▶ EXERCISE DIRECTIONS:
From the entries that follow, reproduce exactly and only the lines from the line with "4 makuuhuone Huvila" to the line with "autotalli - 7 200 000 € (Ref: 9003065)", endpoints included.

▶ DATA SHOWN:
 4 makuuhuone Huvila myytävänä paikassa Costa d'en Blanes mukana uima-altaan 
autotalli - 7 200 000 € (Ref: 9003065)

* * *

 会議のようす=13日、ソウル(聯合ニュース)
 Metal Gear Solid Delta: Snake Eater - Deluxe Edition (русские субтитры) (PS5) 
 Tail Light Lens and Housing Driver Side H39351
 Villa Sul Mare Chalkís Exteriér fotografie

▶ EXERCISE ANSWER:
 4 makuuhuone Huvila myytävänä paikassa Costa d'en Blanes mukana uima-altaan 
autotalli - 7 200 000 € (Ref: 9003065)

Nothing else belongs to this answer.